How to cluster similar sentences using BERT

somethingstrang picture somethingstrang · Apr 10, 2019 · Viewed 12.9k times · Source

For ElMo, FastText and Word2Vec, I'm averaging the word embeddings within a sentence and using HDBSCAN/KMeans clustering to group similar sentences.

A good example of the implementation can be seen in this short article: http://ai.intelligentonlinetools.com/ml/text-clustering-word-embedding-machine-learning/

I would like to do the same thing using BERT (using the BERT python package from hugging face), however I am rather unfamiliar with how to extract the raw word/sentence vectors in order to input them into a clustering algorithm. I know that BERT can output sentence representations - so how would I actually extract the raw vectors from a sentence?

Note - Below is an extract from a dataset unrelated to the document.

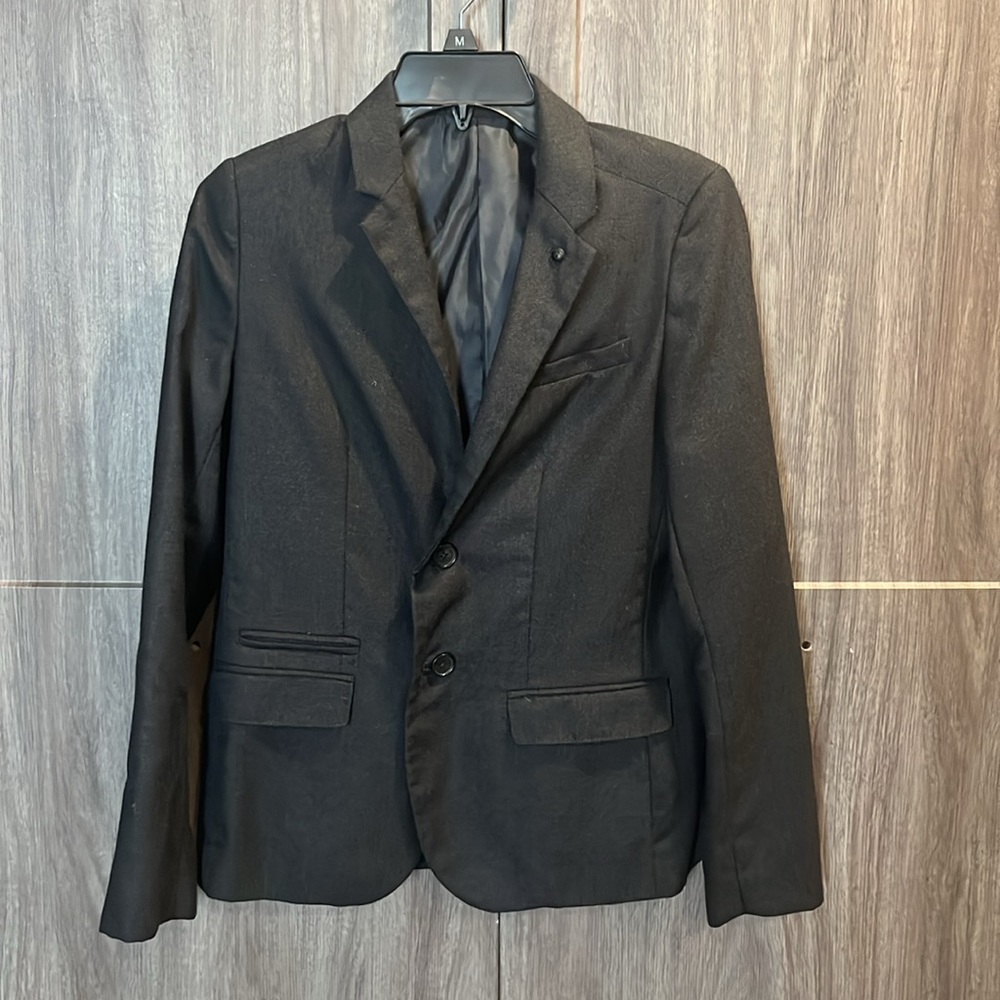 Zara wool kids Blazer - Picture 1 of 11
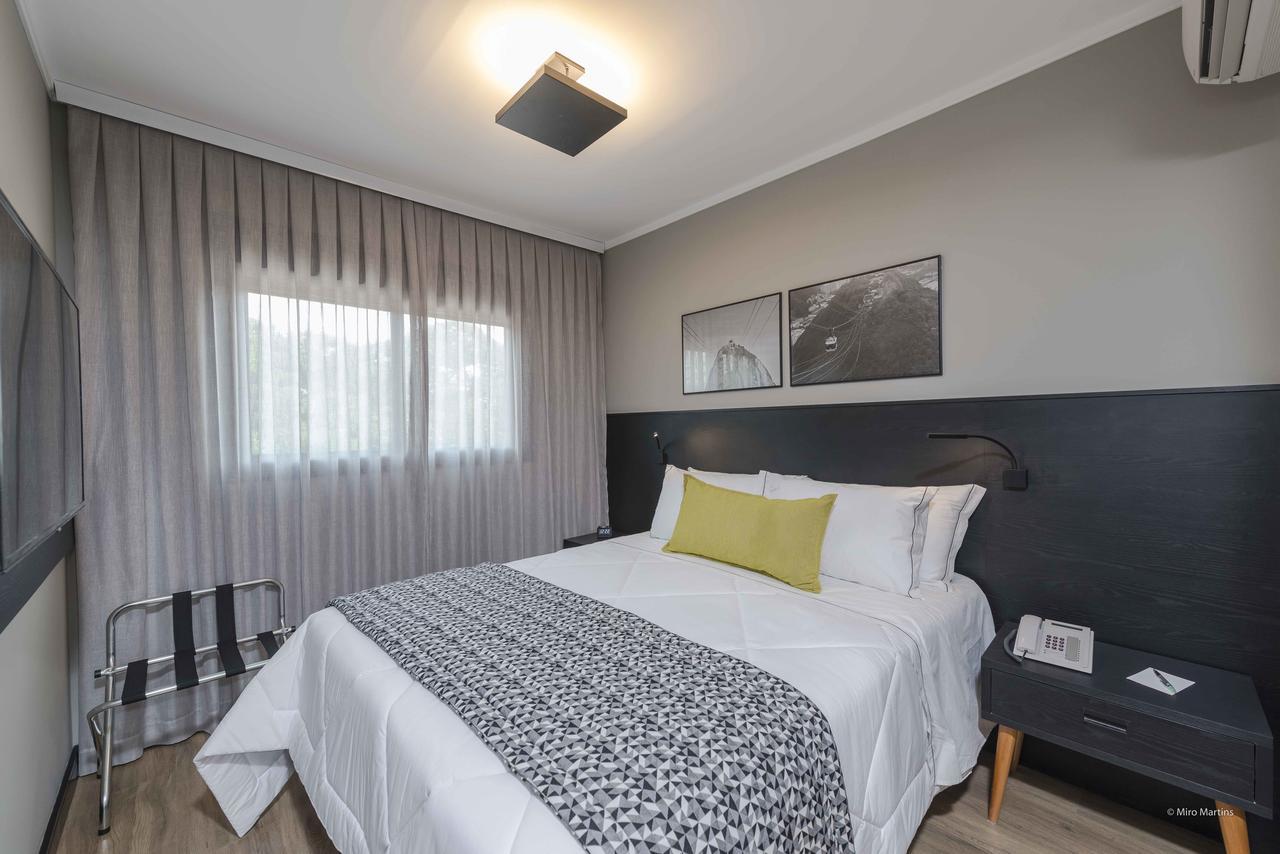 I Am Design Hotel Campinas By Hotelaria Brasil Exteriér fotografie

Any information would be helpful.

Answer

Subham Kumar picture Subham Kumar · Jul 12, 2020

You can use Sentence Transformers to generate the sentence embeddings. These embeddings are much more meaningful as compared to the one obtained from bert-as-service, as they have been fine-tuned such that semantically similar sentences have higher similarity score. You can use FAISS based clustering algorithm if number of sentences to be clustered are in millions or more as vanilla K-means like clustering algorithm takes quadratic time.